Here is a block of entries. Write out its lines exactly, from the first through the one containing "investment decisions. A".

## Source records:
━━━━━━━━━━━━━━━━━━━━

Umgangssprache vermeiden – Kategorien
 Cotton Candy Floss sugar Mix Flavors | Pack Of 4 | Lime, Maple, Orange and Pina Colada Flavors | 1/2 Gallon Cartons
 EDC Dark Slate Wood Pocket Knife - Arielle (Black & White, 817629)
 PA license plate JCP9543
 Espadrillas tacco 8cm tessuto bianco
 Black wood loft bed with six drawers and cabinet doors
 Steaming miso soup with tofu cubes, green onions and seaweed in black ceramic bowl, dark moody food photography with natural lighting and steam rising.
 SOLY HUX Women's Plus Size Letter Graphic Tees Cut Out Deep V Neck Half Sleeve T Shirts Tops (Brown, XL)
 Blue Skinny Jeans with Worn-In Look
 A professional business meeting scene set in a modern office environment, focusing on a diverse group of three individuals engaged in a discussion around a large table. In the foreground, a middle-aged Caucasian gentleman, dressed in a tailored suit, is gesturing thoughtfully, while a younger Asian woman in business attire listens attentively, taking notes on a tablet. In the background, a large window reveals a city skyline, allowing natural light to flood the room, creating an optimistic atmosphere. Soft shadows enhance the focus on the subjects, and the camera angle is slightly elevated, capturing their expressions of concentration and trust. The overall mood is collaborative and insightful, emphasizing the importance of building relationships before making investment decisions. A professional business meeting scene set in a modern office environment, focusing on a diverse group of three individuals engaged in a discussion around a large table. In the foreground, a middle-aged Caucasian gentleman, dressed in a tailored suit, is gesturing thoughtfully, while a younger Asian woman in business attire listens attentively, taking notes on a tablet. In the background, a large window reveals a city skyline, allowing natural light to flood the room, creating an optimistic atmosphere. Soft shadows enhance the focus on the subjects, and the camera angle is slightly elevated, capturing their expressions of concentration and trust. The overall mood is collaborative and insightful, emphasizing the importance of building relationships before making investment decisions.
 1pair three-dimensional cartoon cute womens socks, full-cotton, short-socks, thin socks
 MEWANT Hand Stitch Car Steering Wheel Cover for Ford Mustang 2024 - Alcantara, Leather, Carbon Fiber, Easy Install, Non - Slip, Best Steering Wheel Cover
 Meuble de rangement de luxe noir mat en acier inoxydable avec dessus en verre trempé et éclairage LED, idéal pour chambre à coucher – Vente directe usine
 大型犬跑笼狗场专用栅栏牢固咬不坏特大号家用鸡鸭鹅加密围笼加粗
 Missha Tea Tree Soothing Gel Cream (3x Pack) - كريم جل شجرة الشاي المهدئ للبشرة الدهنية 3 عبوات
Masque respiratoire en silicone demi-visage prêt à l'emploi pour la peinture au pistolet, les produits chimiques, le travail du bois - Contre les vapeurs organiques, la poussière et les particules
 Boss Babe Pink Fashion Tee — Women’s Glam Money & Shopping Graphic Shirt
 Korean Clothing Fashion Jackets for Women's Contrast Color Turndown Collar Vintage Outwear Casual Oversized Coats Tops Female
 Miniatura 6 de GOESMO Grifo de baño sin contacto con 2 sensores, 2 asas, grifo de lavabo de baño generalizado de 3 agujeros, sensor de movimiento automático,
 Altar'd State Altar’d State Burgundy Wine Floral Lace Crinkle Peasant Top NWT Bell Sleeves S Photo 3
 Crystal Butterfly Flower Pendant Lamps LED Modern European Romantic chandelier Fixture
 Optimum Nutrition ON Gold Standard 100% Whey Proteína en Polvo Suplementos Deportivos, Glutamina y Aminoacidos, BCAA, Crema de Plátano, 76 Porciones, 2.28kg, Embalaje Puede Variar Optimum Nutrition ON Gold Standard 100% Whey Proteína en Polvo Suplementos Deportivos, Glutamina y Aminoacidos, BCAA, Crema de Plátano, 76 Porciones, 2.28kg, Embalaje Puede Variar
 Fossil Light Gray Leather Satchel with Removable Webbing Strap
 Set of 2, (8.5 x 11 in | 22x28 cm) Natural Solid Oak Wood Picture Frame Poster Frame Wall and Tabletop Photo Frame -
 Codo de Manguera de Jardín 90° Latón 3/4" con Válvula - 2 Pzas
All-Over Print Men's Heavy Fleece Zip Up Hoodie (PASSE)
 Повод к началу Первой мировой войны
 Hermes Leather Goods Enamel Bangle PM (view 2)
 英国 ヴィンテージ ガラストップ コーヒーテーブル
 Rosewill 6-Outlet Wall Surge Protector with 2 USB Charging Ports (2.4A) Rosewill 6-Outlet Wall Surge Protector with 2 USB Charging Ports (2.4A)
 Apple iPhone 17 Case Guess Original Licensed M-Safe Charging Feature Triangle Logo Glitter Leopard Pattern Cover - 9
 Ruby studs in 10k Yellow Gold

━━━━━━━━━━━━━━━━━━━━

## SOLUTION:
Umgangssprache vermeiden – Kategorien
 Cotton Candy Floss sugar Mix Flavors | Pack Of 4 | Lime, Maple, Orange and Pina Colada Flavors | 1/2 Gallon Cartons
 EDC Dark Slate Wood Pocket Knife - Arielle (Black & White, 817629)
 PA license plate JCP9543
 Espadrillas tacco 8cm tessuto bianco
 Black wood loft bed with six drawers and cabinet doors
 Steaming miso soup with tofu cubes, green onions and seaweed in black ceramic bowl, dark moody food photography with natural lighting and steam rising.
 SOLY HUX Women's Plus Size Letter Graphic Tees Cut Out Deep V Neck Half Sleeve T Shirts Tops (Brown, XL)
 Blue Skinny Jeans with Worn-In Look
 A professional business meeting scene set in a modern office environment, focusing on a diverse group of three individuals engaged in a discussion around a large table. In the foreground, a middle-aged Caucasian gentleman, dressed in a tailored suit, is gesturing thoughtfully, while a younger Asian woman in business attire listens attentively, taking notes on a tablet. In the background, a large window reveals a city skyline, allowing natural light to flood the room, creating an optimistic atmosphere. Soft shadows enhance the focus on the subjects, and the camera angle is slightly elevated, capturing their expressions of concentration and trust. The overall mood is collaborative and insightful, emphasizing the importance of building relationships before making investment decisions. A professional business meeting scene set in a modern office environment, focusing on a diverse group of three individuals engaged in a discussion around a large table. In the foreground, a middle-aged Caucasian gentleman, dressed in a tailored suit, is gesturing thoughtfully, while a younger Asian woman in business attire listens attentively, taking notes on a tablet. In the background, a large window reveals a city skyline, allowing natural light to flood the room, creating an optimistic atmosphere. Soft shadows enhance the focus on the subjects, and the camera angle is slightly elevated, capturing their expressions of concentration and trust. The overall mood is collaborative and insightful, emphasizing the importance of building relationships before making investment decisions.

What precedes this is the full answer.